- Country: People's Republic of China
- Type: Combined Arms
- Part of: 80th Group Army
- Garrison/HQ: Zibo, Shandong
- Engagements: Chinese Civil War, Korean War, Vietnam War, Sino-Vietnam War

= 199th Motorized Infantry Brigade =

Brigade of the People's Liberation Army

The 199th Medium Combined Arms Brigade, formerly the 199th Motorized Infantry Brigade, is one of the six combined arms brigades of the 80th Group Army in the Northern Theater Command Ground Force.

==Creation==

The 199th Division () was created in February 1949 under the Regulation of the Redesignations of All Organizations and Units of the Army, issued by Central Military Commission on November 1, 1948, basing on the 5th Brigade, 3rd Column of Huabei Military Region Field Force. Its history can be traced to the 7th Brigade of Jicha Column formed in October 1945.

Under the command of 67th Corps, it took part in many major battles during the Chinese Civil War.

The division was composed of 595th, 596th, and 597th Regiments.

==Korean War==
In October 1950, Artillery Regiment, 199th Division was activated in Tanggu, Tianjin, which was later redesignated as 579th Artillery Regiment in 1953.

In June 1951, the division was deployed into Korea along with its corps HQ. The division took part in the defensive operations in Kumsong area in fall 1951, during which it suffered heavy casualties.

==After Korea==
In June 1954, the division pulled out from North Korea and redeployed in Laiwu.
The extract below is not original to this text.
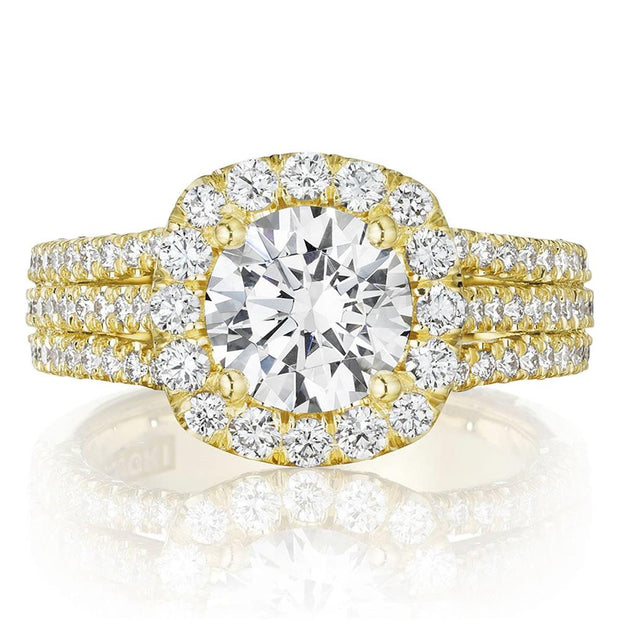 Round with Cushion Bloom Engagement Ring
Shandong, where 199th Tank Self-Propelled Artillery Regiment was activated and attached to the division.

In April 1960 the division was renamed as 199th Army Division() . By then the division was composed of:
- 595th Regiment
- 596th Regiment
- 597th Regiment
- 579th Artillery Regiment
- 199th Tank Self-Propelled Artillery Regiment

In June 1969, 579th Artillery Regiment was redesignated as Artillery Regiment, 199th Army Division.

In August 1969, 199th Tank Self-Propelled Artillery Regiment detached from the division and became the 3rd Independent Tank Regiment of Jinan Military Region, which was then attached to the 13th Tank Division in December.

From March 1985 to June 1986, the division was deployed into the Laoshan area to participate in the Sino-Vietnam War.

In June 1986, the division was reconstituted as a northern motorized infantry division, category A, and redesignated as 199th Motorized Infantry Division():
- Tank Regiment, 67th Army Corps attached to the division as Tank Regiment, 199th Infantry Division;
- Anti-Aircraft Artillery Regiment, 67th Army Corps attached to the division as Anti-Aircraft Artillery Regiment, 199th Infantry Division.

The division maintained as a combat-ready unit in Jinan Military Region. By then the division was composed of:
- 595th Infantry Regiment
- 596th Infantry Regiment
- 597th Infantry Regiment
- Tank Regiment
- Artillery Regiment
- Anti-Aircraft Artillery Regiment

In 1998, the division was transferred to the 26th Army following 67th Army's disbandment.
- Tank Regiment, 199th Infantry Division merged with 597th Infantry Regiment to activate Armored Regiment, 199th Infantry Division.

By then the division was composed of:
- 595th Infantry Regiment
- 596th Infantry Regiment
- Armored Regiment
- Artillery Regiment
- Anti-Aircraft Artillery Regiment

In 2003 the division was reduced and reconstituted as 199th Motorized Infantry Brigade().

In April 2017 the brigade was reconstituted as 199th Medium Combined Arms Brigade().

The brigade is now a maneuvering part of PLA 80th Group Army.